Bess Eaton Management LLC
- Industry: Coffee shops
- Predecessor: Bess Eaton Donut Flour Company Incorporated
- Founded: 1953, reopened in 2011
- Founder: Angelo (Bangy) Gencarelli Jr. (1953), David Ligouri (2011)
- Number of locations: 1 (2026)
- Area served: Rhode Island
- Products: coffee, pastries, baked goods
- Owner: David Liguori
- Website: www.besseaton.com

= Bess Eaton =

Coffee shop chain in the United States

Bess Eaton or Bess Eaton Management LLC is a small chain of coffee shops based in Rhode Island and Connecticut, serving doughnuts, bagels, and muffins. It started in 1953, grew to over 50 shops throughout southern New England, was sold to other chains following bankruptcy in 2004. The chain reopened in 2011 under new ownership. As of 2026, there is one location in Westerly, Rhode Island.

==History==
The Bess Eaton Donut Flour Company was founded in 1953 by Angelo (Bangy) Gencarelli Jr. and was known for its coffee and hand-cut donuts. The corporate headquarters were located in Westerly, Rhode Island, with up to 56 retail shops spread between Rhode Island, Massachusetts, and Connecticut. At one time, it was Rhode Island's seventh largest private employer of 750 workers and 650 workers at the chain's sale. Throughout the chain's 50-year history, the company was privately held by the Gencarelli family. In the last year of operations, the firm was focusing on wholesale business and non-store locations to boost profits, but ultimately was sold to Tim Hortons of Canada. Leading up to the company's sale, then CEO, Louis A. Gencarelli, Sr., made headlines printing Biblical scripture verses on the company's cups and product packaging.

===2004 closing===
In its last decade of operation, the Bess Eaton Donut Flour Company faced many internal difficulties, including claims from its own management of financial improprieties. The firm sold its retail division in mid-2004 following bankruptcy litigation. With a reported $35 million bid, the fast-food chain Wendy's International Corporation prevailed over the Dunkin' Donuts chain in their competition to purchase the 48 defunct Bess Eaton stores and other assets. Within two months of acquisition, Wendy's had converted 42 of those stores to their Tim Hortons brand. In conjunction with the sale, Bess Eaton closed its production facility and corporate headquarters. Wendy's sold Tim Hortons in 2006, but kept ownership of the Bess Eaton trademark.

===2011 reopening===
From 2008 to 2010, Tim Hortons closed the doors on all shops in Southern New England, including all of the Bess Eaton shops it had acquired. In late January 2011, David Liguori registered a limited liability company under the name Bess Eaton Management LLC with the Rhode Island Secretary of State's Office.

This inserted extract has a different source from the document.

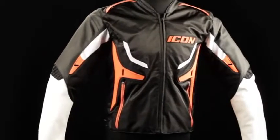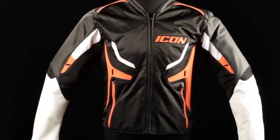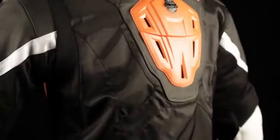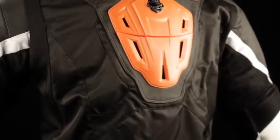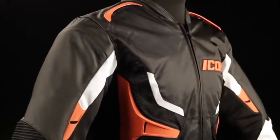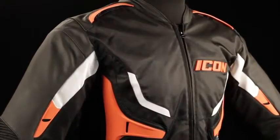The compound jacket is what we refer to as a hybrid style — half leather, half nylon, fully awesome. The compound jacket features an icons sport fit: tailored body and arms with a little bit of room left to spare. It's not quite as aggressive as our attack fit, but not quite as loose as our relaxed fit.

He also acquired the Bess Eaton trademark under his company name, according to the U.S. Patent and Trademark Office, and acquired the leases of several of the closed Tim Hortons. In 2024, the Bess Eaton in Wakefield, Rhode Island closed, followed by the location in Pawcatuck, Connecticut in 2026. The final remaining store is in Westerly, Rhode Island.

===Original management===
- Louis A. Gencarelli Sr. - CEO 1982–2002; 2003–2004
- George Cioe - CEO 2002–2003
- Angelo Gencarelli Jr. - CEO and founder 1953-1982
- Paul Gencarelli - CFO and son of Louis Gencarelli Sr.